WORK REQUIRED:
Count the lines in the data below that have "from" in them, and reply with only that number.

Start of SOURCE MATERIAL

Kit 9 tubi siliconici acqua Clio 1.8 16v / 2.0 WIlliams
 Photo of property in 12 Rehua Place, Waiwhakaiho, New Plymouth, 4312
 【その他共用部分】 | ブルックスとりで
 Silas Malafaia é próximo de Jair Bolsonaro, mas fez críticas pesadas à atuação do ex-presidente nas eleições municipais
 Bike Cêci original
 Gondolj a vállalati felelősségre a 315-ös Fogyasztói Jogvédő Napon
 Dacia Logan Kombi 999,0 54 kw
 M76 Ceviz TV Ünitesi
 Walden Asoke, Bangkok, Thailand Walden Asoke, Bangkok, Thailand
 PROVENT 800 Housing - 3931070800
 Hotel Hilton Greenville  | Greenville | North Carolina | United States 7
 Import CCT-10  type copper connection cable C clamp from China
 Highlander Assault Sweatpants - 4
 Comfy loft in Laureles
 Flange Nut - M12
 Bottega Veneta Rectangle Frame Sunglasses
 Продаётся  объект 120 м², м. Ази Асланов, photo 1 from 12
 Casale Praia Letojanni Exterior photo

End of SOURCE MATERIAL

ANSWER TO THE PROBLEM:
2